• **GIVEN RECORDS**
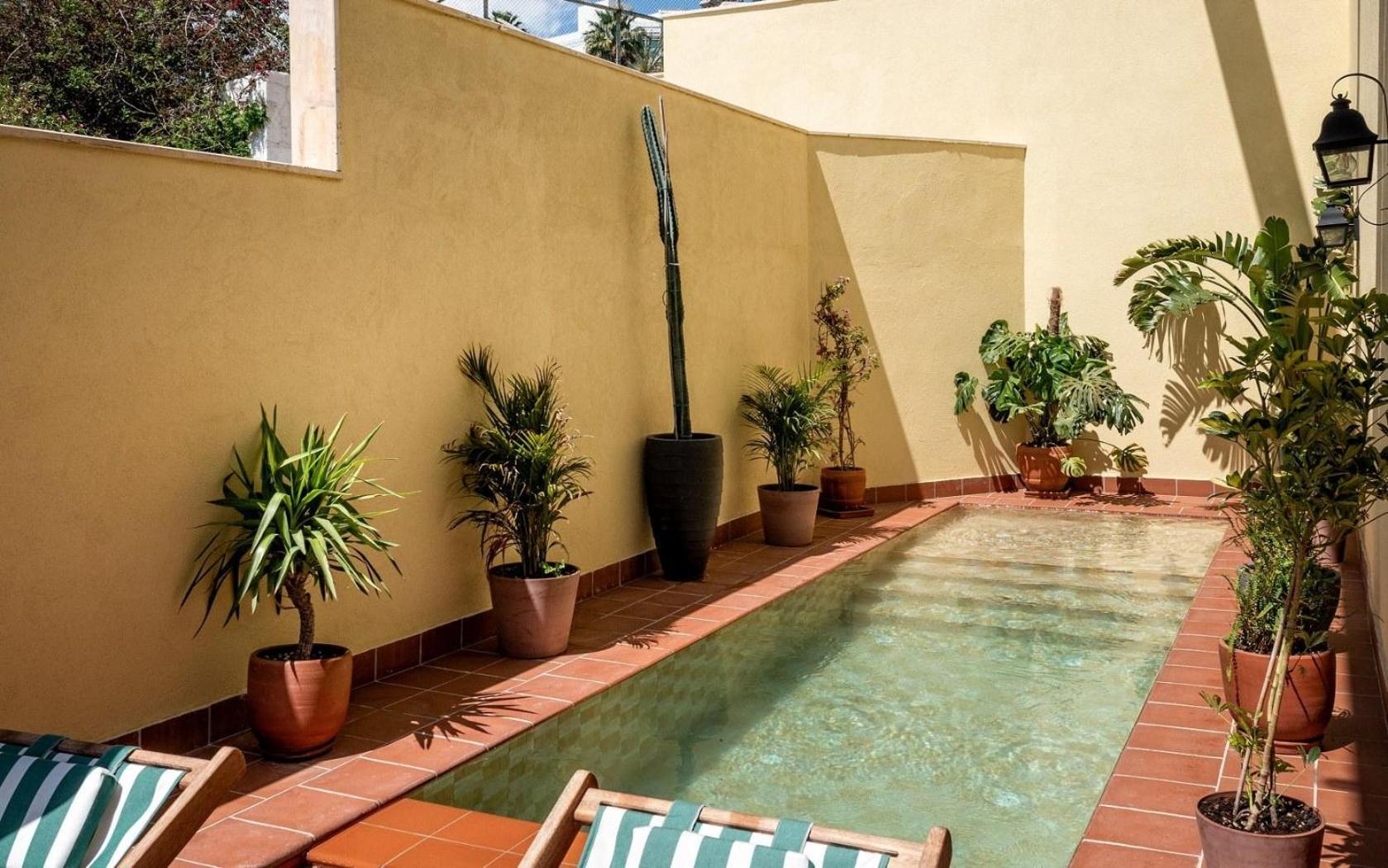Pool Suite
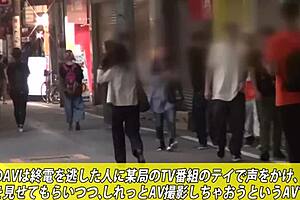 asian amateurs give squirting blowjob to big cock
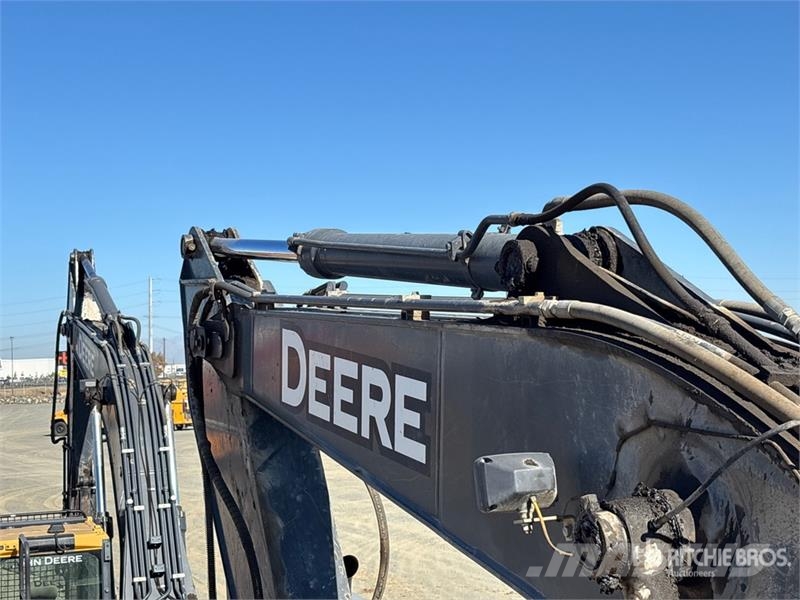 John Deere 250G Tracked Excavator Гусеничні екскаватори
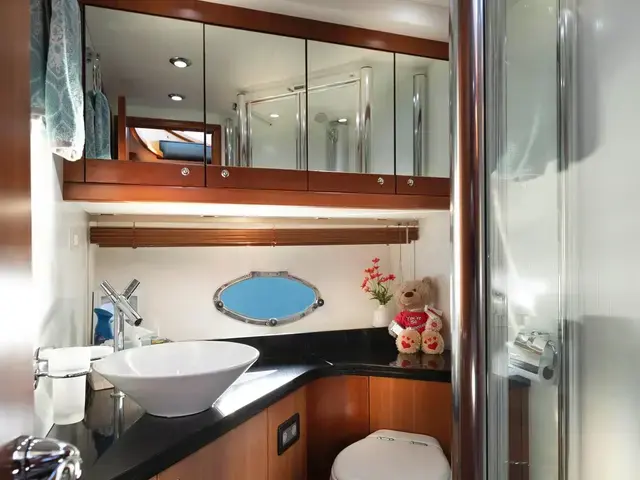 Sunseeker 66'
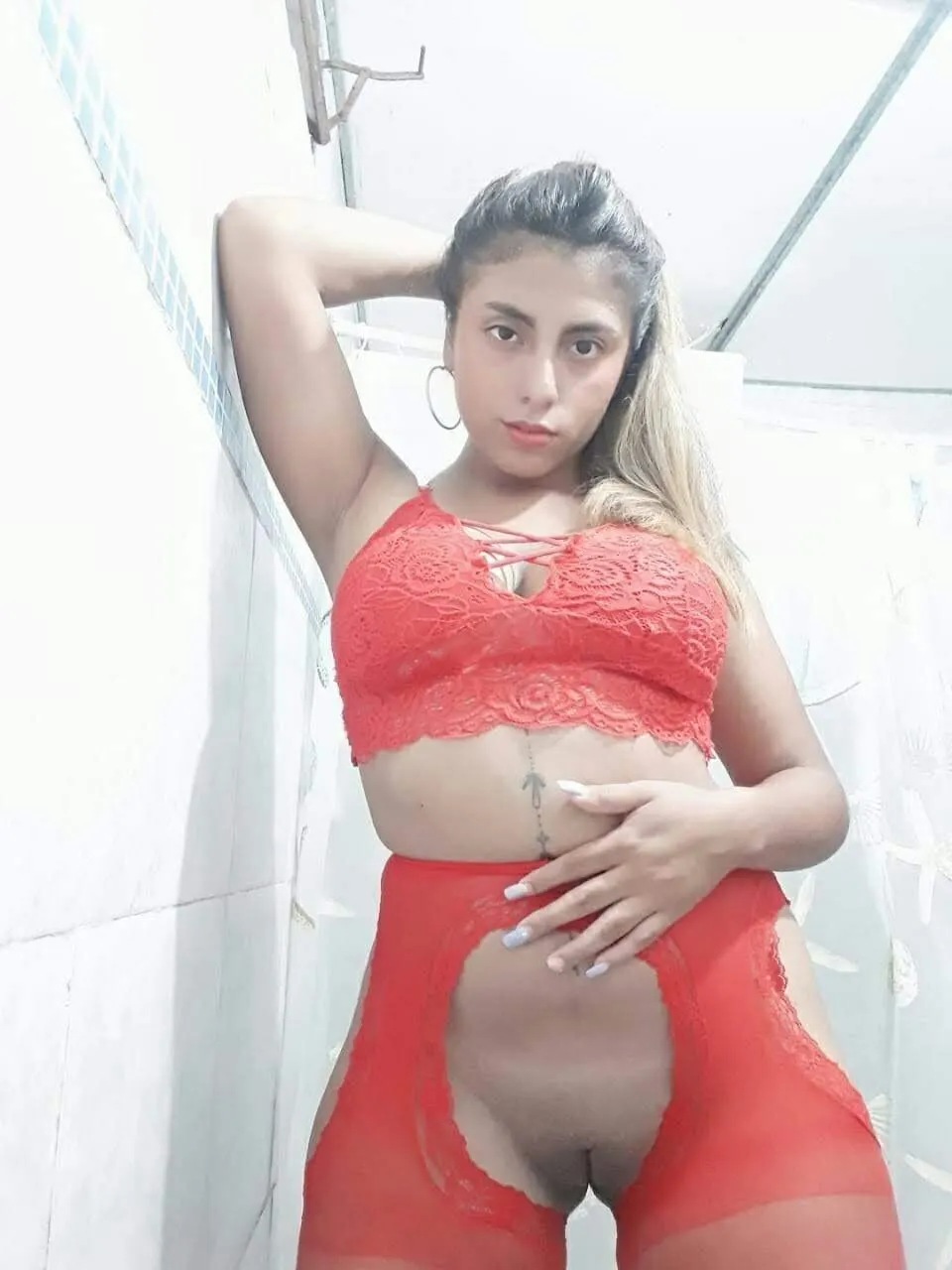 Tremenda morocha con enorme culo❤️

• **WHAT THE TASK REQUIRES**
If a picture falls within the span, leave it out, and reproduce exactly the lines from the one containing "John Deere 250G" through the end of the material, and no others.

• **RESULT OF THE EXERCISE**
 John Deere 250G Tracked Excavator Гусеничні екскаватори
 Sunseeker 66'
 Tremenda morocha con enorme culo❤️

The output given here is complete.